## ABOUT THIS EXERCISE
Retype word for word the lines of the data below, from the first to the one bearing "Kepala Desa Muai", with that one included.

## MATERIAL PROVIDED
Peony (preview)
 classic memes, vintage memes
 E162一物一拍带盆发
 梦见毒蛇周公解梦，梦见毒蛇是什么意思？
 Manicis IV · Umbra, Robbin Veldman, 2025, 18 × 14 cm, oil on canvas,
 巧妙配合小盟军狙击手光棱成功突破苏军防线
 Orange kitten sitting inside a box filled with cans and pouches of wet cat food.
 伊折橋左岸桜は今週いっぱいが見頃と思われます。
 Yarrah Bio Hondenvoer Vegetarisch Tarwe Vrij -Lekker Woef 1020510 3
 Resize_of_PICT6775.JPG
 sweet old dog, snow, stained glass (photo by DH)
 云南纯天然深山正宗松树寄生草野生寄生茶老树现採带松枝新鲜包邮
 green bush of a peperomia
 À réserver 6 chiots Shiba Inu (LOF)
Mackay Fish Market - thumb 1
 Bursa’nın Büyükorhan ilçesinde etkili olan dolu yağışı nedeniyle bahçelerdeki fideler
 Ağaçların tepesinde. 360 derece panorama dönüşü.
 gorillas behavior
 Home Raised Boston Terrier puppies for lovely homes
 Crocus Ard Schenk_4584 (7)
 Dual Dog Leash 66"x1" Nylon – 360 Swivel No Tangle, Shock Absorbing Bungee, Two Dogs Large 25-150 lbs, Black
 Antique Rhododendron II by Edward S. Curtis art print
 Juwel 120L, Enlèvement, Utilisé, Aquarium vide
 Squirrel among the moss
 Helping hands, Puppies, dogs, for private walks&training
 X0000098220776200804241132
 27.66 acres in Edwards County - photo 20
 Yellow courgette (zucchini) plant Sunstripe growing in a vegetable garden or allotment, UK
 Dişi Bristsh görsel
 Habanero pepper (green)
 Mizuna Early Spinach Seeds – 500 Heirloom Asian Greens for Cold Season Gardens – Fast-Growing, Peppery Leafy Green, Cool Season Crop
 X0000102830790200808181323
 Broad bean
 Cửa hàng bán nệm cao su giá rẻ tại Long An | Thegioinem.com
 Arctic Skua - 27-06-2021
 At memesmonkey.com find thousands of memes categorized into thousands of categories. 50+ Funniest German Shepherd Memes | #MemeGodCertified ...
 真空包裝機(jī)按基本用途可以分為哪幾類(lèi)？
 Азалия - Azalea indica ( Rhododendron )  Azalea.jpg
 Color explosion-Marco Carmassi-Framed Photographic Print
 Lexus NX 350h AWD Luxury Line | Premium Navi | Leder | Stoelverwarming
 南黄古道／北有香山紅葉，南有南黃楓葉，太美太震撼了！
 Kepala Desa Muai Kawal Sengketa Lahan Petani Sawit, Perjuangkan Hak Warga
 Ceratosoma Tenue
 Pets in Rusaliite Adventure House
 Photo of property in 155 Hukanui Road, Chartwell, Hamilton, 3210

## RESPONSE BELOW
Peony (preview)
 classic memes, vintage memes
 E162一物一拍带盆发
 梦见毒蛇周公解梦，梦见毒蛇是什么意思？
 Manicis IV · Umbra, Robbin Veldman, 2025, 18 × 14 cm, oil on canvas,
 巧妙配合小盟军狙击手光棱成功突破苏军防线
 Orange kitten sitting inside a box filled with cans and pouches of wet cat food.
 伊折橋左岸桜は今週いっぱいが見頃と思われます。
 Yarrah Bio Hondenvoer Vegetarisch Tarwe Vrij -Lekker Woef 1020510 3
 Resize_of_PICT6775.JPG
 sweet old dog, snow, stained glass (photo by DH)
 云南纯天然深山正宗松树寄生草野生寄生茶老树现採带松枝新鲜包邮
 green bush of a peperomia
 À réserver 6 chiots Shiba Inu (LOF)
Mackay Fish Market - thumb 1
 Bursa’nın Büyükorhan ilçesinde etkili olan dolu yağışı nedeniyle bahçelerdeki fideler
 Ağaçların tepesinde. 360 derece panorama dönüşü.
 gorillas behavior
 Home Raised Boston Terrier puppies for lovely homes
 Crocus Ard Schenk_4584 (7)
 Dual Dog Leash 66"x1" Nylon – 360 Swivel No Tangle, Shock Absorbing Bungee, Two Dogs Large 25-150 lbs, Black
 Antique Rhododendron II by Edward S. Curtis art print
 Juwel 120L, Enlèvement, Utilisé, Aquarium vide
 Squirrel among the moss
 Helping hands, Puppies, dogs, for private walks&training
 X0000098220776200804241132
 27.66 acres in Edwards County - photo 20
 Yellow courgette (zucchini) plant Sunstripe growing in a vegetable garden or allotment, UK
 Dişi Bristsh görsel
 Habanero pepper (green)
 Mizuna Early Spinach Seeds – 500 Heirloom Asian Greens for Cold Season Gardens – Fast-Growing, Peppery Leafy Green, Cool Season Crop
 X0000102830790200808181323
 Broad bean
 Cửa hàng bán nệm cao su giá rẻ tại Long An | Thegioinem.com
 Arctic Skua - 27-06-2021
 At memesmonkey.com find thousands of memes categorized into thousands of categories. 50+ Funniest German Shepherd Memes | #MemeGodCertified ...
 真空包裝機(jī)按基本用途可以分為哪幾類(lèi)？
 Азалия - Azalea indica ( Rhododendron )  Azalea.jpg
 Color explosion-Marco Carmassi-Framed Photographic Print
 Lexus NX 350h AWD Luxury Line | Premium Navi | Leder | Stoelverwarming
 南黄古道／北有香山紅葉，南有南黃楓葉，太美太震撼了！
 Kepala Desa Muai Kawal Sengketa Lahan Petani Sawit, Perjuangkan Hak Warga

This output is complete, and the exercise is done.